Thread: Distinguishing types

  1. #1
    Registered User
    Join Date
    Apr 2006

    Distinguishing types


    I was wondering if someone could help me.
    I have a template function where based on the type passed in
    I have to possibly access a struct member or just print the value.
    Yet when I try to compile this it fails with tons of errors.

    #include <typeinfo>
    #include <iostream>
    using namespace std;
    typedef struct {
        double a;
        double b;
    } A;
    template<class E> void check_el(E val) {
      if(typeid(E) == typeid(int)) {
        cout << val << endl;
      } else if(typeid(E) == typeid(A)){
        double t = val.a;
        cout << t << endl;
      } else {
        cout << "NOTHING" << endl;
    int main() {
        A a = {1, 2};
        return 0;
    How would I go about fixing this?

    Thanks a lot for any help,

  2. #2
    Registered User
    Join Date
    May 2006
    My guess is that you can't use templates with typeid, I might be wrong though.
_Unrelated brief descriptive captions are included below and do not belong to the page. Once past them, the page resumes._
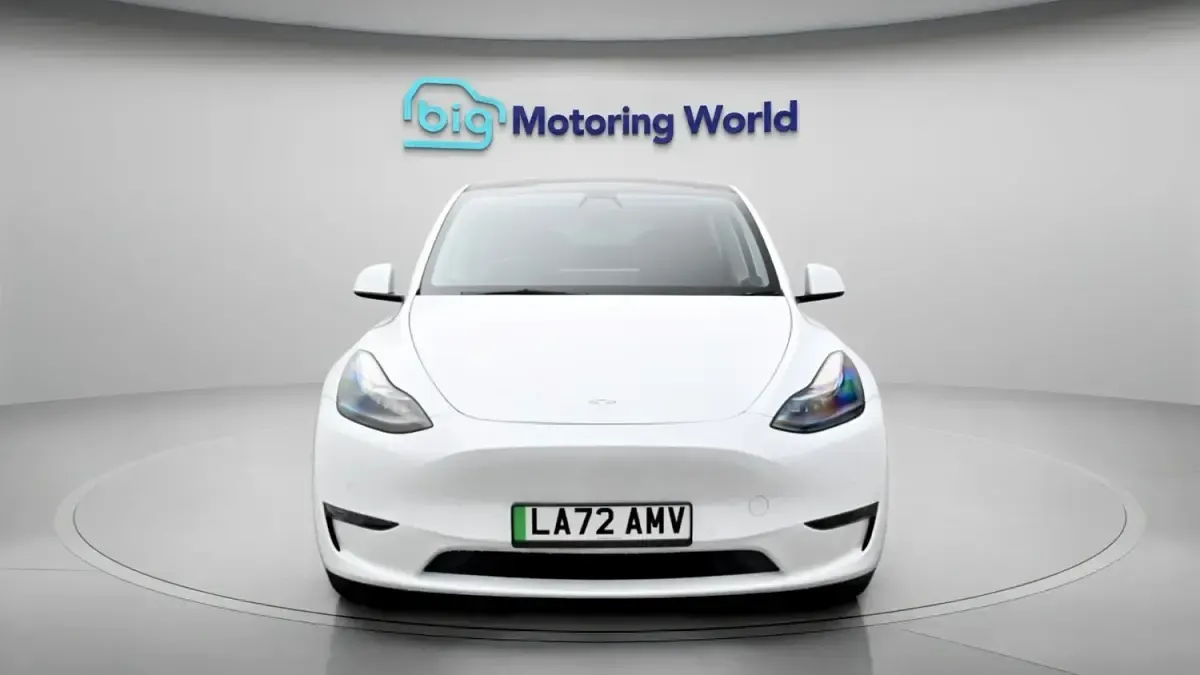 Używany Tesla Model Y Long Range AWD 378 kW (514 KM) 2022 Biały SUV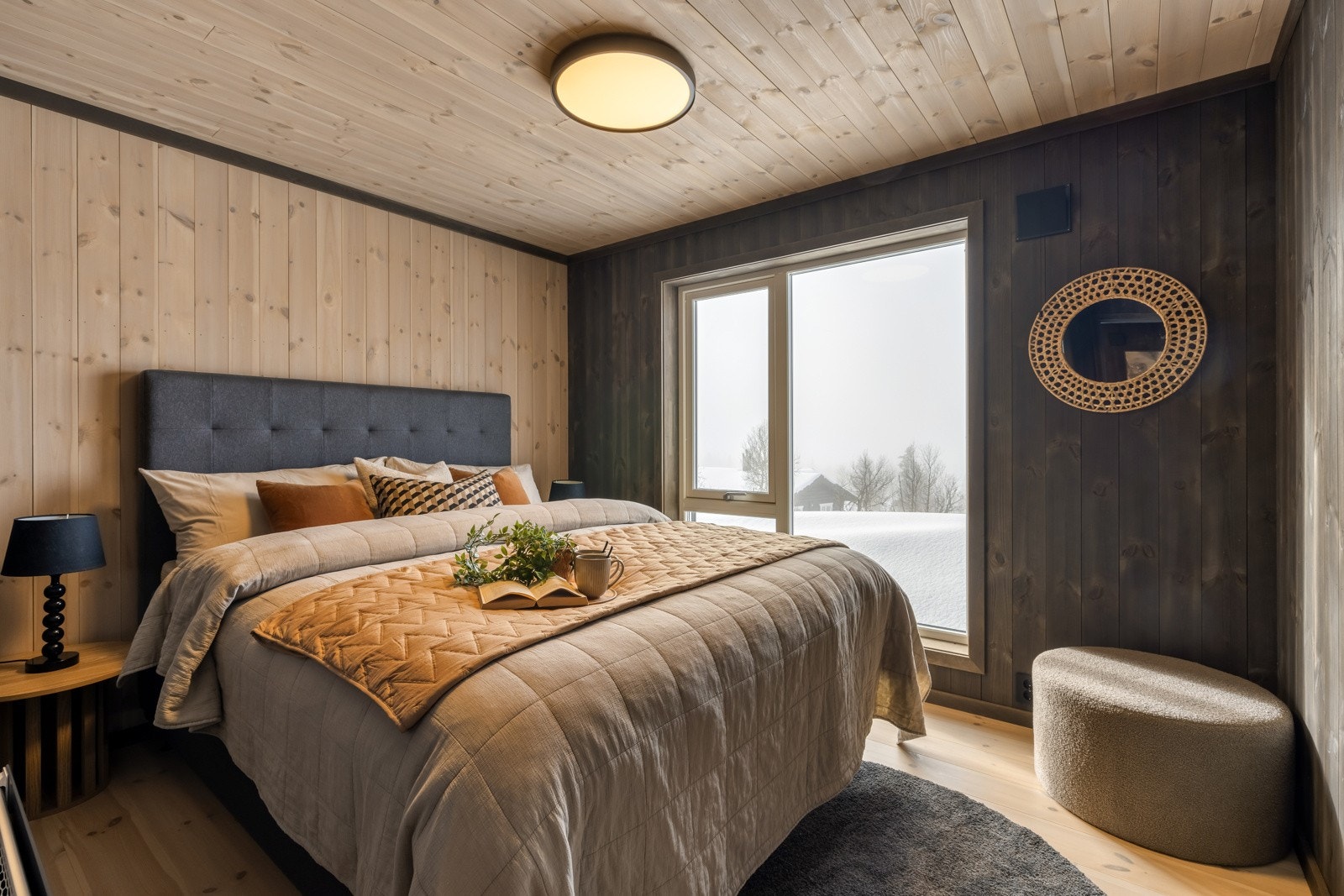 Hytta har 3 gode soverom som alle har god plass til senger, nattbord og skap Galleribilde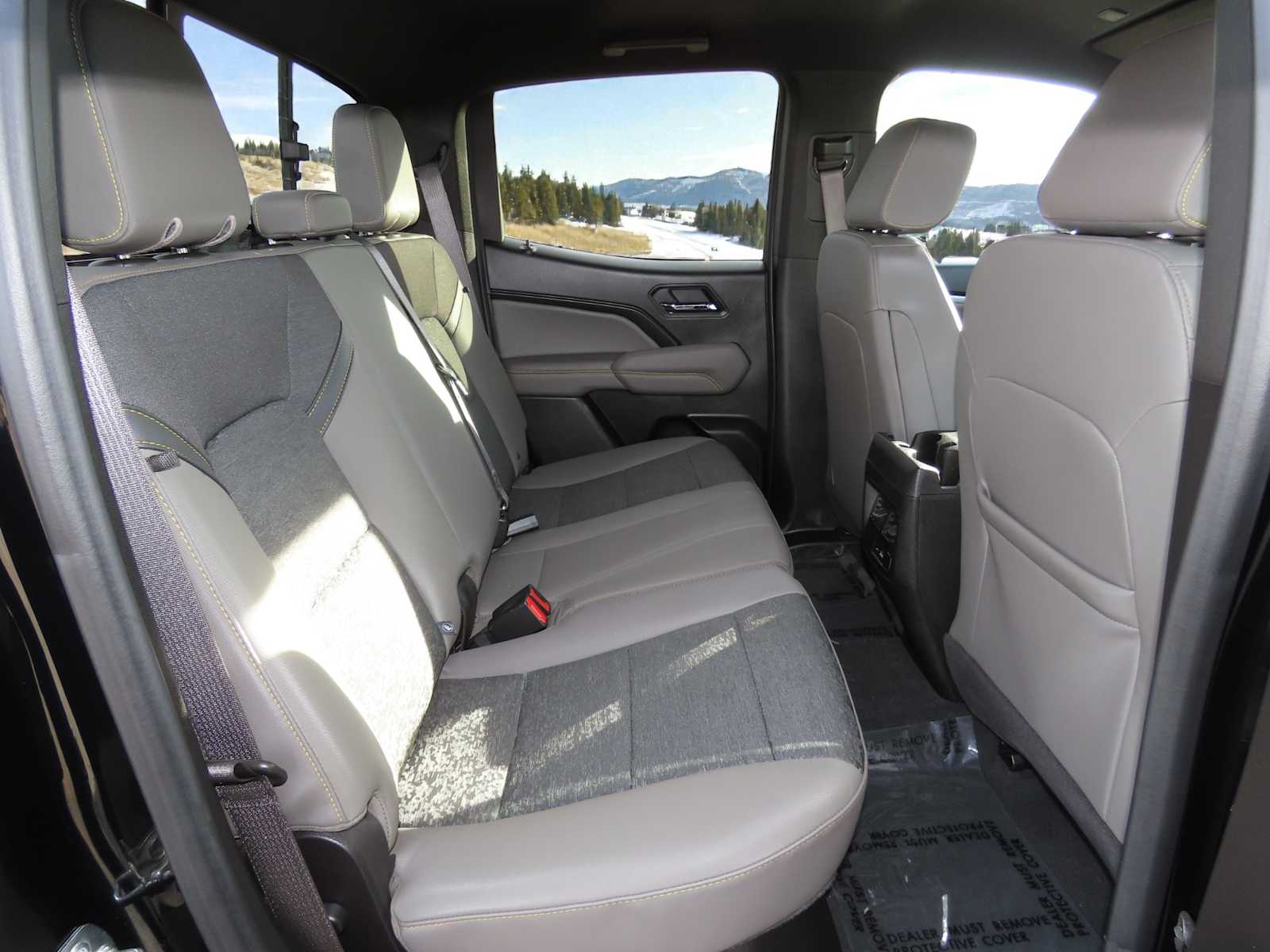 Thumbnail: 2024 Chevrolet Colorado - 22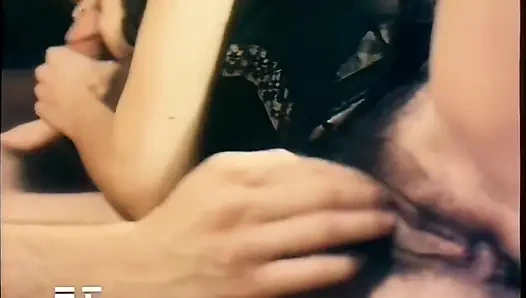 Si cewek hot rambut cokelat lagi asik nyepong kontol besar sampai mengerang keenakan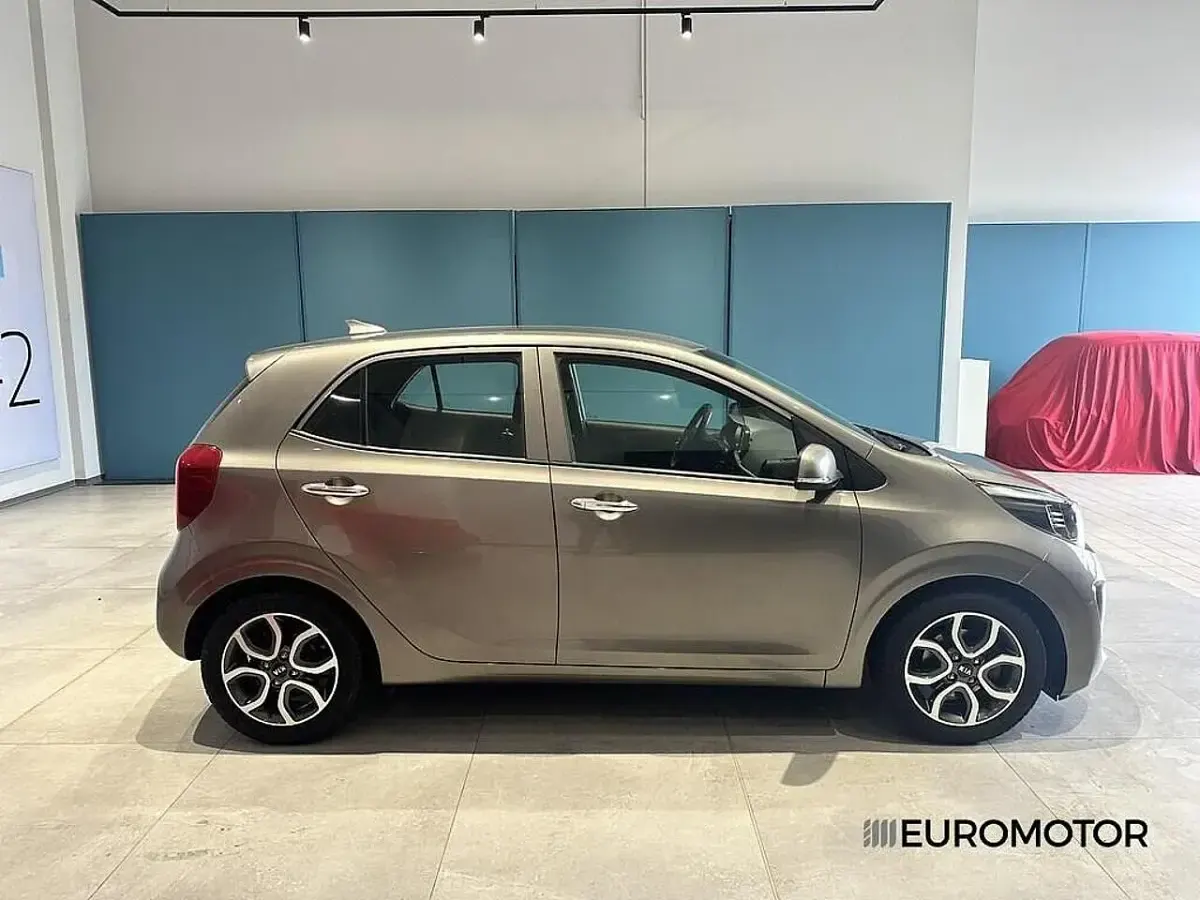 Usata Kia Picanto 65 CV (47 kW) 2020 Grigio Utilitaria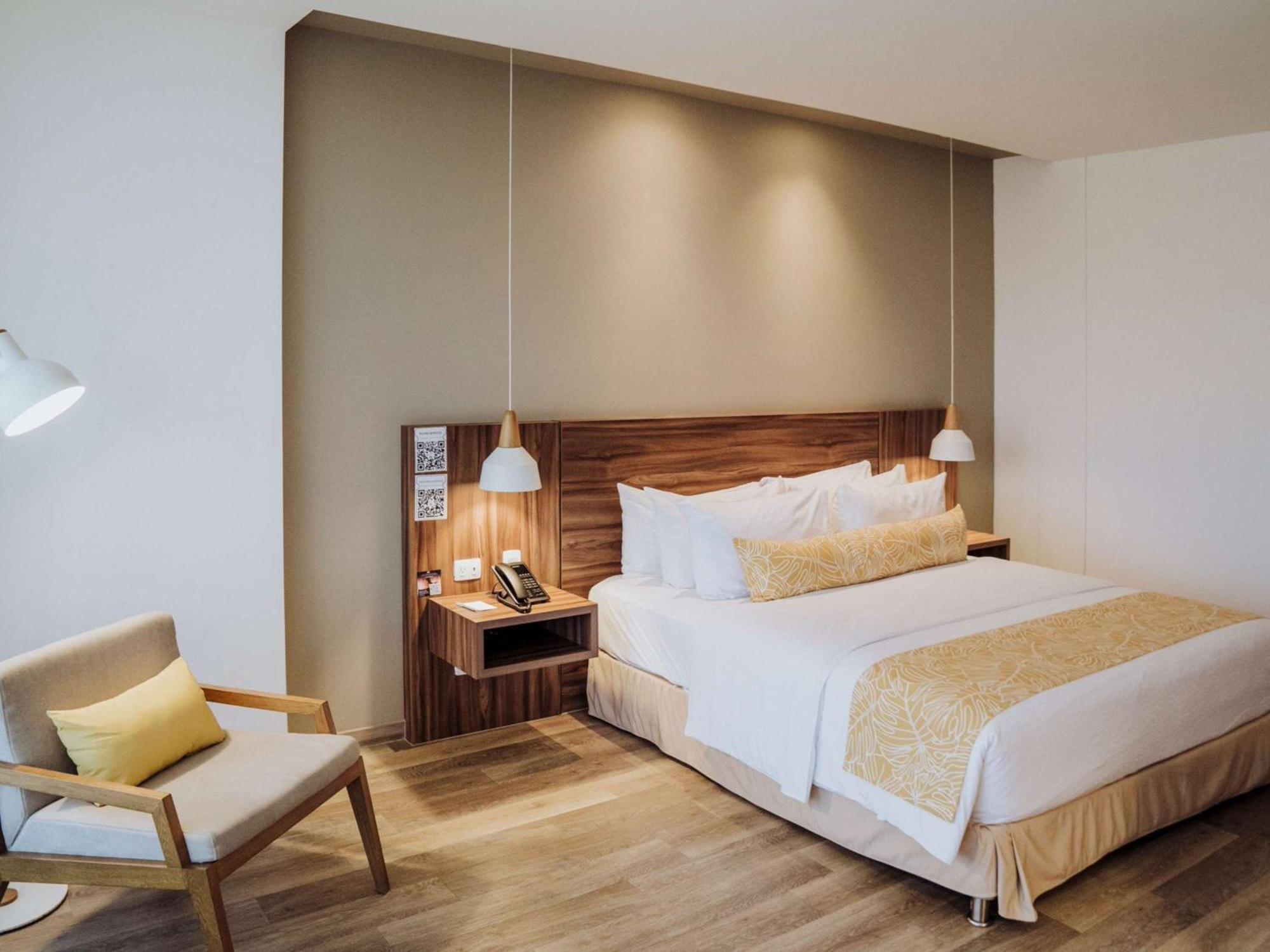 Novotel Medellin El Tesoro Luaran gambar Deluxe Room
Simple remark, however, you don't need to use the typedef trick for structures in C++. It's a problem that's been fixed from C to C++.

  3. #3
    Software Developer jverkoey's Avatar
    Join Date
    Feb 2003
    University of Waterloo
    Instead of trying to implement a function that determines the type of data passed in, you will have more success outputting the data as you normally would with cout.

    To do so you will merely need to provide an ostream << operator overloading function for each structure that handles its output.

    Then, whenever you do something like:
    A val;
    val.a = 10;
    val.b = 15;
    cout << val << endl;
    It will automatically output the structure as you implemented it with the overloaded function.

  4. #4
    Cat without Hat CornedBee's Avatar
    Join Date
    Apr 2003
    Using templates with typeid is perfectly valid. The problem is that the ifs are runtime checks, not compile-time, so the entire function must compile properly with whatever type you put in. So even if T is int, the compiler expects the argument to have an 'a' member, and will throw an error if it doesn't.
    All the buzzt!

    "There is not now, nor has there ever been, nor will there ever be, any programming language in which it is the least bit difficult to write bad code."
    - Flon's Law

  5. #5
    Registered User
    Join Date
    Apr 2006
    Thanks a lot for the suggestions and pointers guys.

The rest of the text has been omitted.